The fallout was massive… the Symbian sales went down the drain, and in fact the brand Nokia went down the drain.

What -on paper- appeared an ‘easy transition’ turned out to be not that easy. The company had an enormous knowledge of the ‘old technologies’ and very little of Windows Phone, it was a transition that was not easy, and it turned out to be very unsuccessful.

The reason for the failure was not alone the internal Nokia execution. The other part was  consumer perception. Whether Nokia employees liked it or not, Nokia as a brand was not Apple or Android.

Fast-forward to 2021 and GM… we see exactly the same happening:  introduction of a new strategy to ditch conventional car engines without having a line up ready to  underscore the strategic direction to consumers.

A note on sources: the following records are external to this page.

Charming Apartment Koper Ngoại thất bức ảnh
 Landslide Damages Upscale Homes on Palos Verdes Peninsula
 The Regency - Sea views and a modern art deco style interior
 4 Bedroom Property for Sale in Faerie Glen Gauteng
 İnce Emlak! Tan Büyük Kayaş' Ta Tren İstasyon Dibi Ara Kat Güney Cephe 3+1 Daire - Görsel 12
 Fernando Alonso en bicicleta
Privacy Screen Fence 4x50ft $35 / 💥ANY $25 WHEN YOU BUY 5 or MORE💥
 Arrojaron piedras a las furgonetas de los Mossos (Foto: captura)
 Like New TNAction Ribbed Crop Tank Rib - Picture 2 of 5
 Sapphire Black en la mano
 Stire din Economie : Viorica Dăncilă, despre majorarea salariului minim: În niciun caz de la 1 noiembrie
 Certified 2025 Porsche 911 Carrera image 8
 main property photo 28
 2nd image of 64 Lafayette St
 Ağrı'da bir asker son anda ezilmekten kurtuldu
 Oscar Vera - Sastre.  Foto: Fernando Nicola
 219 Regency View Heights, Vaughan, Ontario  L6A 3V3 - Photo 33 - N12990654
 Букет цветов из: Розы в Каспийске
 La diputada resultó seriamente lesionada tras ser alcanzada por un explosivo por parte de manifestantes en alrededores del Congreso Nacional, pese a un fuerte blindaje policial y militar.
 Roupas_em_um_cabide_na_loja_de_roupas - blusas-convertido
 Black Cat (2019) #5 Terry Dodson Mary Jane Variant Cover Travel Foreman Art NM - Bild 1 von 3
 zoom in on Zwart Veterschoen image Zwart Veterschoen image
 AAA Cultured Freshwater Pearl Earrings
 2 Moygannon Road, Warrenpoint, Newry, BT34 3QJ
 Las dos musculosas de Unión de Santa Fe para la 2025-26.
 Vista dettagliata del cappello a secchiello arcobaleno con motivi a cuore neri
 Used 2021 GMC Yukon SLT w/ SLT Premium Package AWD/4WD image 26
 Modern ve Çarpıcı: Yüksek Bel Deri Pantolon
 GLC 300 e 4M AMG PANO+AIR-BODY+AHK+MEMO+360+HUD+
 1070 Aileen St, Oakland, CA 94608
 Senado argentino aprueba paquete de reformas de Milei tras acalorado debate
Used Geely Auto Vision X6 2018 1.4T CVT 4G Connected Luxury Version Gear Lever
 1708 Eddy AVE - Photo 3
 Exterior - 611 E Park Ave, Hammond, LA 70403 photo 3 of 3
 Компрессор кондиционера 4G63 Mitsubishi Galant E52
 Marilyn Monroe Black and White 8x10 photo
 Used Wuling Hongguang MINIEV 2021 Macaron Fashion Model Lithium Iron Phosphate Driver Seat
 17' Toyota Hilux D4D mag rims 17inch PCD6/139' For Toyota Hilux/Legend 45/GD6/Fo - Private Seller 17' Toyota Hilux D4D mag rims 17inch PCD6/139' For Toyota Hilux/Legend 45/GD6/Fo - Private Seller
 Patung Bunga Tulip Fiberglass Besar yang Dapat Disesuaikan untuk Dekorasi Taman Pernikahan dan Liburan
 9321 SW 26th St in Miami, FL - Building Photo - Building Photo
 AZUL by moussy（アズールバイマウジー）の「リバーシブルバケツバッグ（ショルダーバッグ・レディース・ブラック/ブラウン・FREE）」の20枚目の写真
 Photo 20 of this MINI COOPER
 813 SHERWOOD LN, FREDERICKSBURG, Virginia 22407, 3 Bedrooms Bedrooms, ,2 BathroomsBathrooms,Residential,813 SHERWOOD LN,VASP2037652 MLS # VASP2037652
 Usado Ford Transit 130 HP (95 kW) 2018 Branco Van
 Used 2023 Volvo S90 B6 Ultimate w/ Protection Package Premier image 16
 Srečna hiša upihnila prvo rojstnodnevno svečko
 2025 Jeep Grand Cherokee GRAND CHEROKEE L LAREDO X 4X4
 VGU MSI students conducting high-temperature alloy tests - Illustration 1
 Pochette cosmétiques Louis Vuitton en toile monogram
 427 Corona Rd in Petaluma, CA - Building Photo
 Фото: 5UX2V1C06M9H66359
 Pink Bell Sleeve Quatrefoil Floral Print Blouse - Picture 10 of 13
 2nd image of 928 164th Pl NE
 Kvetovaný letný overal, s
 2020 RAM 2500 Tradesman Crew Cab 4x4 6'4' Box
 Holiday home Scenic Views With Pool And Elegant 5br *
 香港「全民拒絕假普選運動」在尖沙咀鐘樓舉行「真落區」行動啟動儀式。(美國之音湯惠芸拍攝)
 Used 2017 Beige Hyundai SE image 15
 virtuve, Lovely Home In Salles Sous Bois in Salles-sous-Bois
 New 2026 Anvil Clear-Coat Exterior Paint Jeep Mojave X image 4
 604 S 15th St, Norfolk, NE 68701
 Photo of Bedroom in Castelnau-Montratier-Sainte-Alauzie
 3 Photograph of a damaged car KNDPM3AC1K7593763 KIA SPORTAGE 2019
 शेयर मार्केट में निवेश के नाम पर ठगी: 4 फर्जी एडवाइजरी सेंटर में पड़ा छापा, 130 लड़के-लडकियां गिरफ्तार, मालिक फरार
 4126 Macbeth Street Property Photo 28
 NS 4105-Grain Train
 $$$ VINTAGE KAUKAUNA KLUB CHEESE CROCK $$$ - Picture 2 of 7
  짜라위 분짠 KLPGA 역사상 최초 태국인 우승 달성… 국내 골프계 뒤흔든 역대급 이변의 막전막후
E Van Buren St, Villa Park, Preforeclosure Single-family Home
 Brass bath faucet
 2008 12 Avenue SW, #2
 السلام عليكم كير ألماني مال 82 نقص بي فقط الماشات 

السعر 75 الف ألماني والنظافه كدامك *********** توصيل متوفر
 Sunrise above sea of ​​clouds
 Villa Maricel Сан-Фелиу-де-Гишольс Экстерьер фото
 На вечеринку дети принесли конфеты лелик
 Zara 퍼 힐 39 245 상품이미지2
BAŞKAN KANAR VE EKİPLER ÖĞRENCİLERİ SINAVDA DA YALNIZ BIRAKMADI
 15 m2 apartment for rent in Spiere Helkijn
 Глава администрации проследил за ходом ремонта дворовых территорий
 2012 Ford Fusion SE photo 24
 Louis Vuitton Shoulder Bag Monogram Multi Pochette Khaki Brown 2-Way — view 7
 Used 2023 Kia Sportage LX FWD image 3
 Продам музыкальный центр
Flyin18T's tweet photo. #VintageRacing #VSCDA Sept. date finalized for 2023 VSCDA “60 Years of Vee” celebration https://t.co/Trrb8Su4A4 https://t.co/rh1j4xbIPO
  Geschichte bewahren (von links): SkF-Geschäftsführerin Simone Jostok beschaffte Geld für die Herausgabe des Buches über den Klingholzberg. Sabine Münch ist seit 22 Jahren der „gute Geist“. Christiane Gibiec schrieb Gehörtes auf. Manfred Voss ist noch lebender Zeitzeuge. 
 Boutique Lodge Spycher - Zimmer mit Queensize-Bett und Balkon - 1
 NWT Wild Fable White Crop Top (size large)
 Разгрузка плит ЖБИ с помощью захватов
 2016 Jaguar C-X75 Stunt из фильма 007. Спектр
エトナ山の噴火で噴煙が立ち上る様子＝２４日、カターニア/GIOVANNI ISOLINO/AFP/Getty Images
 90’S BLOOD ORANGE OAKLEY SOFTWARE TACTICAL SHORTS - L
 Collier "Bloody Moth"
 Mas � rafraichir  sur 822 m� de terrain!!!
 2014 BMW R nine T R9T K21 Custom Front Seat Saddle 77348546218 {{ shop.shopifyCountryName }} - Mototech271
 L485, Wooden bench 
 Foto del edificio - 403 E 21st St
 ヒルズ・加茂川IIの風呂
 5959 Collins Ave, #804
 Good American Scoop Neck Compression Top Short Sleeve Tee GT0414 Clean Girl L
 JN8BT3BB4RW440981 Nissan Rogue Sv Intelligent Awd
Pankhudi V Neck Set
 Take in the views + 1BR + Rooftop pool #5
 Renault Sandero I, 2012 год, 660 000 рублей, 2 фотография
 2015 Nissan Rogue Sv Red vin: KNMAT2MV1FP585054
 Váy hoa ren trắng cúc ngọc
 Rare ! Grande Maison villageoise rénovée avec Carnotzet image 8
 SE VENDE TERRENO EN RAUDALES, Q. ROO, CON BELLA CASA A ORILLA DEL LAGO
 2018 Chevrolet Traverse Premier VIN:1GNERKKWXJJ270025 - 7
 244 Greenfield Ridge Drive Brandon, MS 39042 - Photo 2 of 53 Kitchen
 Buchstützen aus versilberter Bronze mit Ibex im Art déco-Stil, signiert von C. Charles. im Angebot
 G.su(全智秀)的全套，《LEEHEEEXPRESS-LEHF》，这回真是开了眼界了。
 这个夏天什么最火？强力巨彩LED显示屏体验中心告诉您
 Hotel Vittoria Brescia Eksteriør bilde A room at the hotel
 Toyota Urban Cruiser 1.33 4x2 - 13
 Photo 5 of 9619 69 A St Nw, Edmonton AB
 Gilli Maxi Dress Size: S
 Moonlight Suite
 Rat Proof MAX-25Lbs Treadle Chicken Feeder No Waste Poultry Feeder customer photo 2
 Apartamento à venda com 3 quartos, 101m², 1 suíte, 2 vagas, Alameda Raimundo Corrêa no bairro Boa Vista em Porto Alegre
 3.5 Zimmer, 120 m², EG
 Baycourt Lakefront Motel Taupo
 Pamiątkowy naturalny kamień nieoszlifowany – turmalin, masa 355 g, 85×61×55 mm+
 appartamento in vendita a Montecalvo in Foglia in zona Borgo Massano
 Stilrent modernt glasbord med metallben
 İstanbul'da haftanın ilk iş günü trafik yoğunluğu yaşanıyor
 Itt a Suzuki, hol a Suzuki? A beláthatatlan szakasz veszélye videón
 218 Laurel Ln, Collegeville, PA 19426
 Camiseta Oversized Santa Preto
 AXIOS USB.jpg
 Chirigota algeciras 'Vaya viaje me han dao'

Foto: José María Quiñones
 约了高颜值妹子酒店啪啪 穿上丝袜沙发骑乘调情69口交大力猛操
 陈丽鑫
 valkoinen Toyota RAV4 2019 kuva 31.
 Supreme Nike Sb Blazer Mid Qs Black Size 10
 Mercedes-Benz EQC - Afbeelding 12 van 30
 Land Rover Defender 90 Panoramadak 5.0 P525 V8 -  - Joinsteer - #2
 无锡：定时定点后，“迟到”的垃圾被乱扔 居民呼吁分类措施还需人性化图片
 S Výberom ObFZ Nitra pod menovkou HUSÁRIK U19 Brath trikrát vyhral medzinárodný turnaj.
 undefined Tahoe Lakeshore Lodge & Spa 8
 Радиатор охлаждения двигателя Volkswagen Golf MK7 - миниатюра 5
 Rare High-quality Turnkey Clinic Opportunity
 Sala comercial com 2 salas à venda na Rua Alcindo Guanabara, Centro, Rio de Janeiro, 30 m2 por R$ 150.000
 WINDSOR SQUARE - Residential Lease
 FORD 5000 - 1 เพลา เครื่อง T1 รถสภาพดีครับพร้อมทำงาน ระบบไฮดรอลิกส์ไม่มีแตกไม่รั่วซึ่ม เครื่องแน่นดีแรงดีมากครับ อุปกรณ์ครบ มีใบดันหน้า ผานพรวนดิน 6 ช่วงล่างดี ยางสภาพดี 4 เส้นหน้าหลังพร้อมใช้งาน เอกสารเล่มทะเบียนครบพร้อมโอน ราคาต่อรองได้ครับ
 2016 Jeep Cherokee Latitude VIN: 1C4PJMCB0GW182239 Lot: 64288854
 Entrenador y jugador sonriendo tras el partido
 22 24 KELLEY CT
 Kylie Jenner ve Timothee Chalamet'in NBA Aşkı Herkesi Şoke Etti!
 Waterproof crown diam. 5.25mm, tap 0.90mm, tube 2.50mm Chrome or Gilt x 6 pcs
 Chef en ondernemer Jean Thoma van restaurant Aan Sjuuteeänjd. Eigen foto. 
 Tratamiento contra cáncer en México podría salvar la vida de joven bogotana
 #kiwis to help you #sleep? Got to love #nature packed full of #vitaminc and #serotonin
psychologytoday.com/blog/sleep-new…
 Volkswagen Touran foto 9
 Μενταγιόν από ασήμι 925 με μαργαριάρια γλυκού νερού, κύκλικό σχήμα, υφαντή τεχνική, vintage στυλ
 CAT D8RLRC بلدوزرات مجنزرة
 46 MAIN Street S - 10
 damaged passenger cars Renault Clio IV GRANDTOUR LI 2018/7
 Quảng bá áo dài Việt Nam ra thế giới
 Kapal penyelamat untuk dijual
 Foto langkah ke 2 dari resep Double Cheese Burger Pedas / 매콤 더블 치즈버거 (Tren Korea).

The result: consumers will pretty much stop buying GM conventional engine cars until the cheaper EV models are available. During this time GM will need to transition… at rapid speed. Similar to Nokia, GM is full of conventional engine experts and none of that is relevant anymore.  That is A LOT to bridge… especially in an economic downturn time.

On top of that GM is still not Tesla or any another EV car brand…

The only real benefit GM has at this point, is the fact that there are not yet any real affordable EV players in the market that consumers can buy right now.

GM: I am afraid you made a strategic error by pleasing shareholders (short term benefit) while ignoring the product portfolio and consumer perception (GM does, unfortunately, not equal EV). Announcing a transition without cars will result in stagnation in sales of conventional engine cars.